What you should do -> What is needed is a word-for-word copy of the records below.
##########
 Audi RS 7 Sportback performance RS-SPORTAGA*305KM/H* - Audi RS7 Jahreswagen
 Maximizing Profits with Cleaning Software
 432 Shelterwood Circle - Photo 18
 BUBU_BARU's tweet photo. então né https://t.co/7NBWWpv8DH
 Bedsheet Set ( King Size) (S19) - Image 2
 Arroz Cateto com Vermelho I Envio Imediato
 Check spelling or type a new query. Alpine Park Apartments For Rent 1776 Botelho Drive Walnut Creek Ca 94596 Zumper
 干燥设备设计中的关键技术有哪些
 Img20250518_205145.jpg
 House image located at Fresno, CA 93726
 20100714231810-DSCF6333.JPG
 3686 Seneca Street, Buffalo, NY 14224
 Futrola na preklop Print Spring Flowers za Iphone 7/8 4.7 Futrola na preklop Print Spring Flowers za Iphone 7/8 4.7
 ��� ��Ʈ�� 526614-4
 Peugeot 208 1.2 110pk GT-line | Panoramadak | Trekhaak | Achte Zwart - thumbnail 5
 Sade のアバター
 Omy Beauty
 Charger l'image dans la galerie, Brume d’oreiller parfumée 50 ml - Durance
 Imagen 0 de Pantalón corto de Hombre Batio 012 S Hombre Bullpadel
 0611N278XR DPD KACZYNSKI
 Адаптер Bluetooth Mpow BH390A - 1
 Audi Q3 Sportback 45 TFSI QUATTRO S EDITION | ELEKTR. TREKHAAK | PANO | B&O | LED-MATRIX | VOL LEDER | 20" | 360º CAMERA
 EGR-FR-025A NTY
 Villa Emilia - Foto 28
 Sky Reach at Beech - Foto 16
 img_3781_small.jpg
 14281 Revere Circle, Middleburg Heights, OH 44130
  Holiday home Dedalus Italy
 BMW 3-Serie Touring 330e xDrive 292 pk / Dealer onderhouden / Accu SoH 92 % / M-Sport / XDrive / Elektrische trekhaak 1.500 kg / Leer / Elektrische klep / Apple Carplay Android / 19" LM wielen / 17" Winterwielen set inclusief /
##########
Task solution ->
 Audi RS 7 Sportback performance RS-SPORTAGA*305KM/H* - Audi RS7 Jahreswagen
 Maximizing Profits with Cleaning Software
 432 Shelterwood Circle - Photo 18
 BUBU_BARU's tweet photo. então né https://t.co/7NBWWpv8DH
 Bedsheet Set ( King Size) (S19) - Image 2
 Arroz Cateto com Vermelho I Envio Imediato
 Check spelling or type a new query. Alpine Park Apartments For Rent 1776 Botelho Drive Walnut Creek Ca 94596 Zumper
 干燥设备设计中的关键技术有哪些
 Img20250518_205145.jpg
 House image located at Fresno, CA 93726
 20100714231810-DSCF6333.JPG
 3686 Seneca Street, Buffalo, NY 14224
 Futrola na preklop Print Spring Flowers za Iphone 7/8 4.7 Futrola na preklop Print Spring Flowers za Iphone 7/8 4.7
 ��� ��Ʈ�� 526614-4
 Peugeot 208 1.2 110pk GT-line | Panoramadak | Trekhaak | Achte Zwart - thumbnail 5
 Sade のアバター
 Omy Beauty
 Charger l'image dans la galerie, Brume d’oreiller parfumée 50 ml - Durance
 Imagen 0 de Pantalón corto de Hombre Batio 012 S Hombre Bullpadel
 0611N278XR DPD KACZYNSKI
 Адаптер Bluetooth Mpow BH390A - 1
 Audi Q3 Sportback 45 TFSI QUATTRO S EDITION | ELEKTR. TREKHAAK | PANO | B&O | LED-MATRIX | VOL LEDER | 20" | 360º CAMERA
 EGR-FR-025A NTY
 Villa Emilia - Foto 28
 Sky Reach at Beech - Foto 16
 img_3781_small.jpg
 14281 Revere Circle, Middleburg Heights, OH 44130
  Holiday home Dedalus Italy
 BMW 3-Serie Touring 330e xDrive 292 pk / Dealer onderhouden / Accu SoH 92 % / M-Sport / XDrive / Elektrische trekhaak 1.500 kg / Leer / Elektrische klep / Apple Carplay Android / 19" LM wielen / 17" Winterwielen set inclusief /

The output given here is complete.